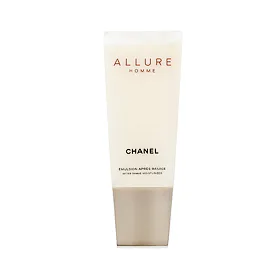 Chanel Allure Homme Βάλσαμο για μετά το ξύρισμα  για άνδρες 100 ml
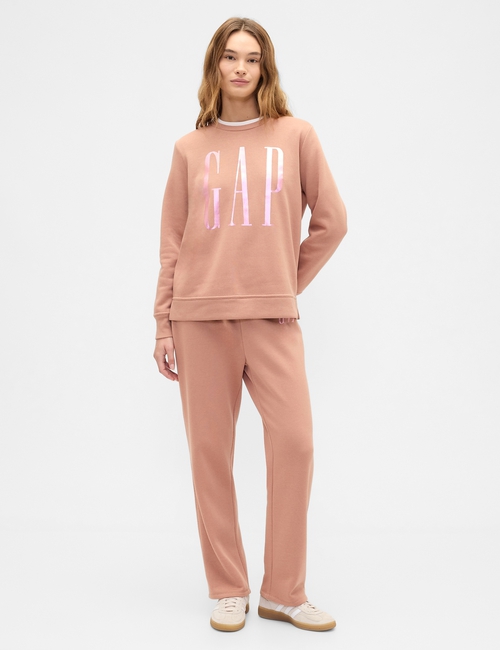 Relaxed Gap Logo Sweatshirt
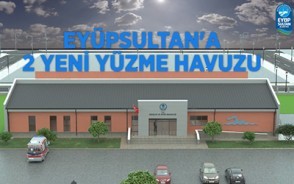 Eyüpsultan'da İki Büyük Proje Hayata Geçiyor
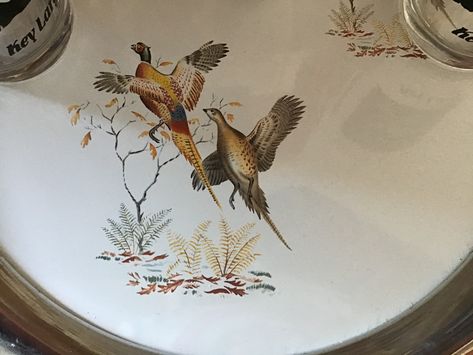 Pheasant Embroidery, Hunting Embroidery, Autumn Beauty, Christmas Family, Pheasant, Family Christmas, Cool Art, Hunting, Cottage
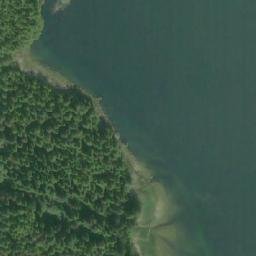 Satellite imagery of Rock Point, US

--

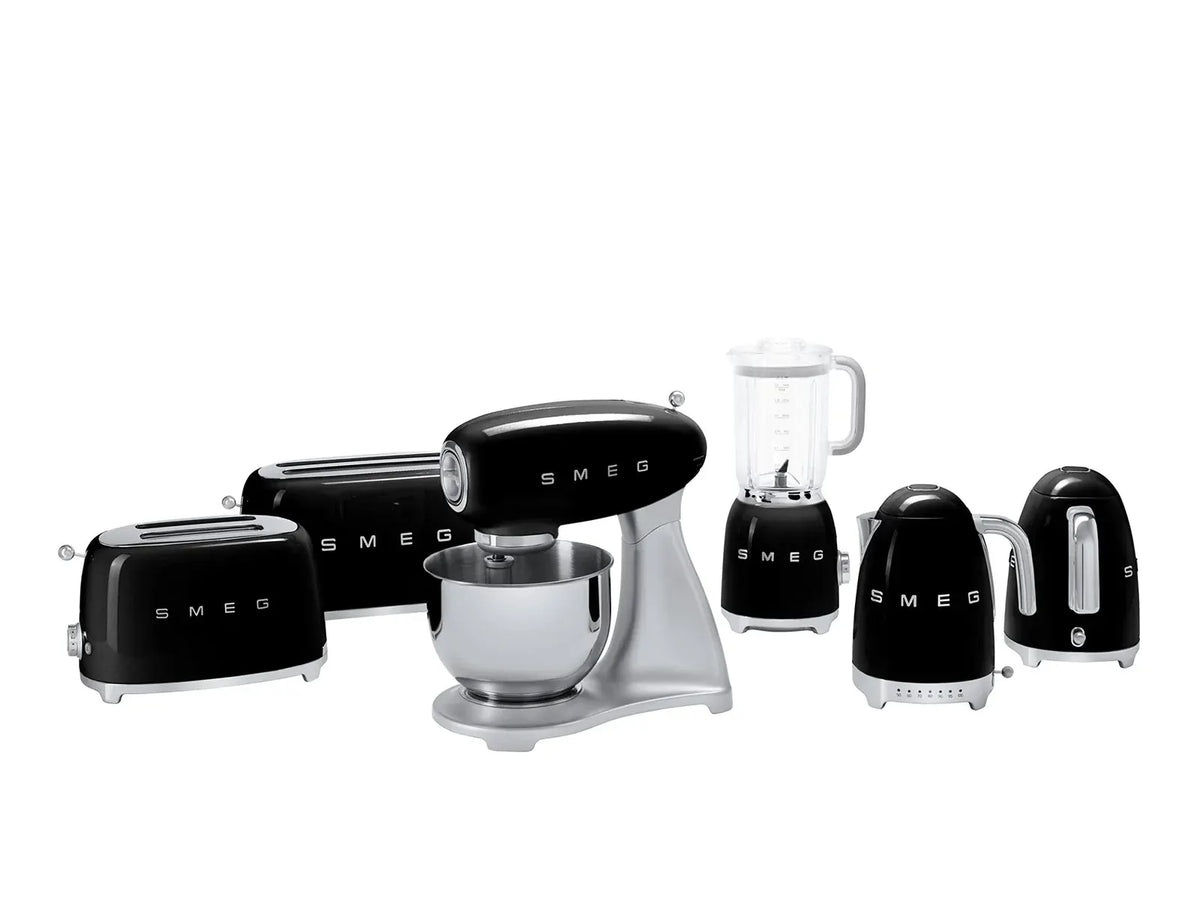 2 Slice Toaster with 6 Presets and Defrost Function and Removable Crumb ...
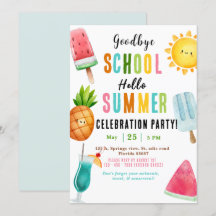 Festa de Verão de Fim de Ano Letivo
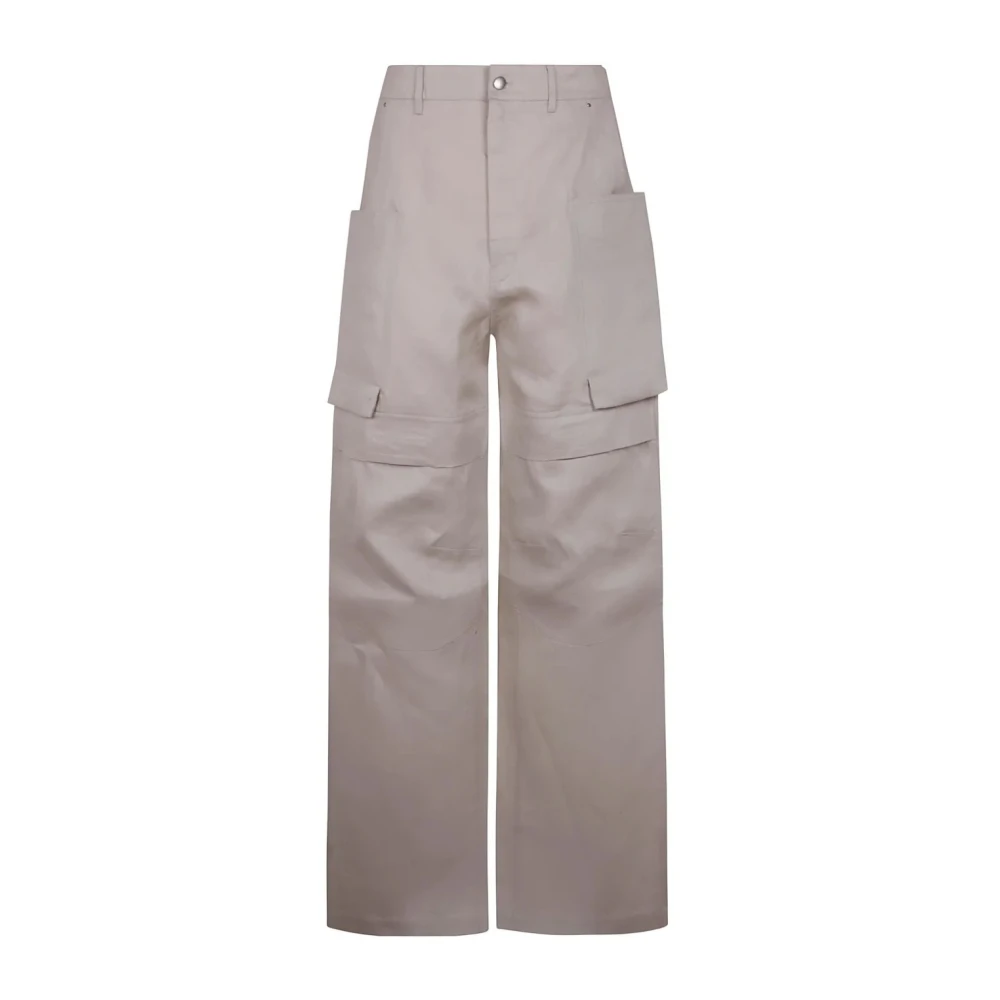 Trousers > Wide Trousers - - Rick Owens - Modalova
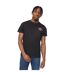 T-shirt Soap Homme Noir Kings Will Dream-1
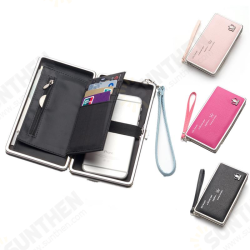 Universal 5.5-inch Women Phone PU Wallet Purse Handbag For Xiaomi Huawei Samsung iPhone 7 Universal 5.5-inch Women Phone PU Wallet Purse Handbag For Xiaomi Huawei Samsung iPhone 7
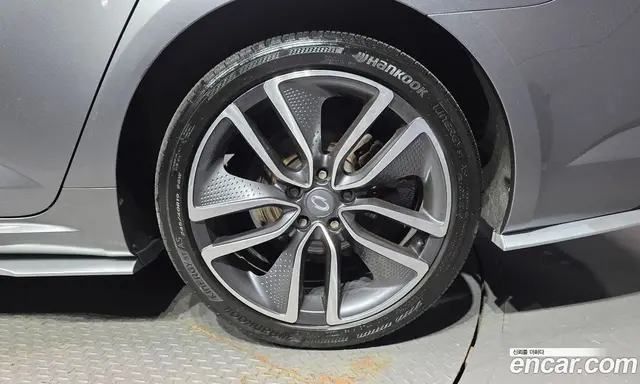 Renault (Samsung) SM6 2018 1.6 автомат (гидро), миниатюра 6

--

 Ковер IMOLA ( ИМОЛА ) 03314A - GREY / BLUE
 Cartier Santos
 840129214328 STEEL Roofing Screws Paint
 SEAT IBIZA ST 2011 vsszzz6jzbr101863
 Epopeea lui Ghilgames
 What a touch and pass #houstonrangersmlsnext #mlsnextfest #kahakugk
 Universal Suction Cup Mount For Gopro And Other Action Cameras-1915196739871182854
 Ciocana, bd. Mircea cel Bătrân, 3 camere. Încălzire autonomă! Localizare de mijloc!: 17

(Directions) Starting with the line that has "Chanel Allure Homme" and ending with the line that has "Satellite imagery of Rock Point, US", repeat the lines above exactly, omitting every picture.

(Written solution)
 Chanel Allure Homme Βάλσαμο για μετά το ξύρισμα  για άνδρες 100 ml
 Relaxed Gap Logo Sweatshirt
 Eyüpsultan'da İki Büyük Proje Hayata Geçiyor
 Pheasant Embroidery, Hunting Embroidery, Autumn Beauty, Christmas Family, Pheasant, Family Christmas, Cool Art, Hunting, Cottage
 Satellite imagery of Rock Point, US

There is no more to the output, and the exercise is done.